> EXERCISE DESCRIPTION
Print each line exactly, beginning with the one where "Одеяло Kvalitex duo" appears and ending at the last line below.

> DATASET ENTRIES
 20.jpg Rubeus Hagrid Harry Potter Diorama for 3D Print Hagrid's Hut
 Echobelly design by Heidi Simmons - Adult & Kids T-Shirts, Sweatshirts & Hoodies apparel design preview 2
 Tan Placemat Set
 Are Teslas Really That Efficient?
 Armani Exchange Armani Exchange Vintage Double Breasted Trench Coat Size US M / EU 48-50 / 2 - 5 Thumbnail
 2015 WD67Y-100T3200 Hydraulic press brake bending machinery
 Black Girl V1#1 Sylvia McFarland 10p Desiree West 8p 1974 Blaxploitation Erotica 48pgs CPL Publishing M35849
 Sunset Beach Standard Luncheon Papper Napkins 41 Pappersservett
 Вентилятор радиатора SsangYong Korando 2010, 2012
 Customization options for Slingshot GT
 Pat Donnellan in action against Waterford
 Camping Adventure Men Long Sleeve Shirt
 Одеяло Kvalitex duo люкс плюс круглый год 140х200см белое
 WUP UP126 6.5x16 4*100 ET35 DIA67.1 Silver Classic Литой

> RESULT FOR THIS TASK
 Одеяло Kvalitex duo люкс плюс круглый год 140х200см белое
 WUP UP126 6.5x16 4*100 ET35 DIA67.1 Silver Classic Литой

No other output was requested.